DATA TO PROCESS
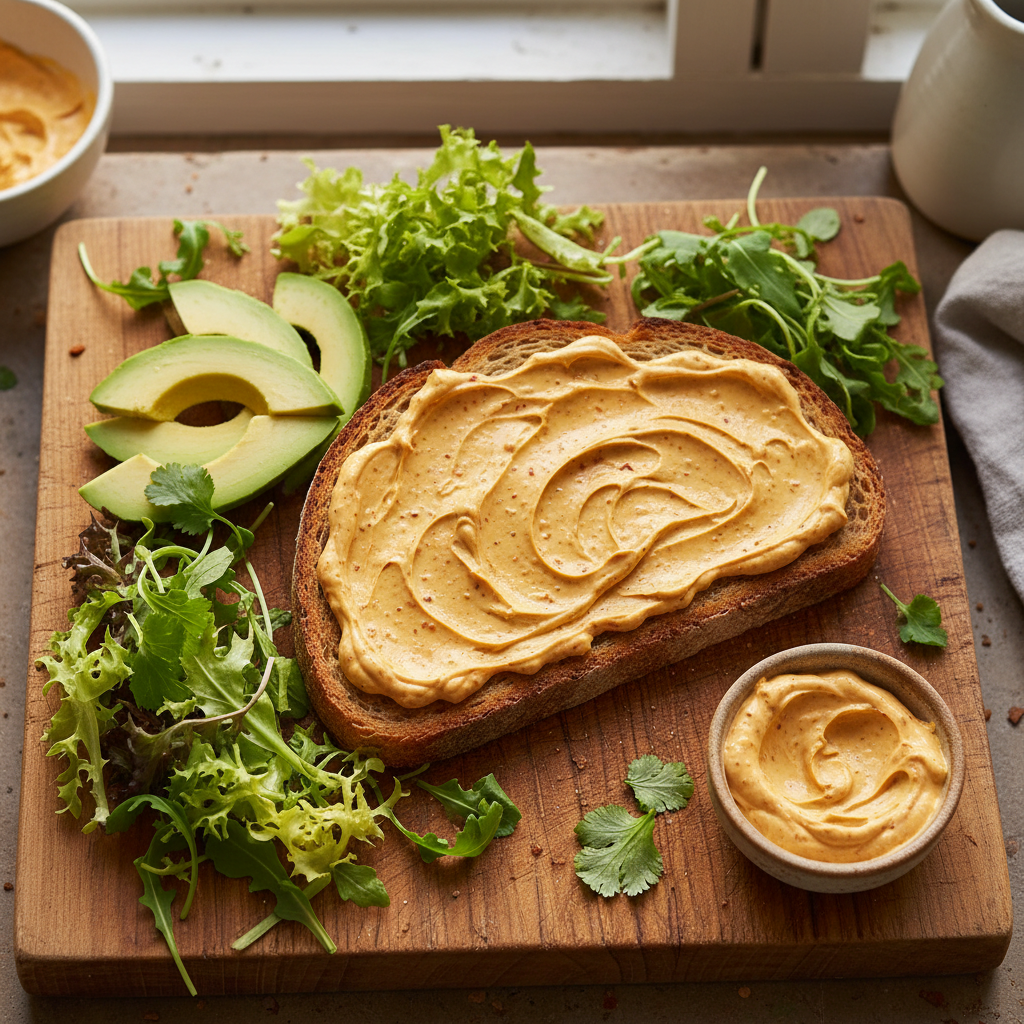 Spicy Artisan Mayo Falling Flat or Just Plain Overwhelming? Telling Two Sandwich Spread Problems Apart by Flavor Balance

...

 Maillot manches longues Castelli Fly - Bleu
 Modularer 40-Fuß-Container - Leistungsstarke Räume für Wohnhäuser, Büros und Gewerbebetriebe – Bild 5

YOUR INSTRUCTIONS
Scan the lines above for "Maillot manches longues Castelli Fly - Bleu" and for "Modularer 40-Fuß-Container - Leistungsstarke". Repeat exactly the line holding each of them and every line in between.

EXERCISE OUTPUT
 Maillot manches longues Castelli Fly - Bleu
 Modularer 40-Fuß-Container - Leistungsstarke Räume für Wohnhäuser, Büros und Gewerbebetriebe – Bild 5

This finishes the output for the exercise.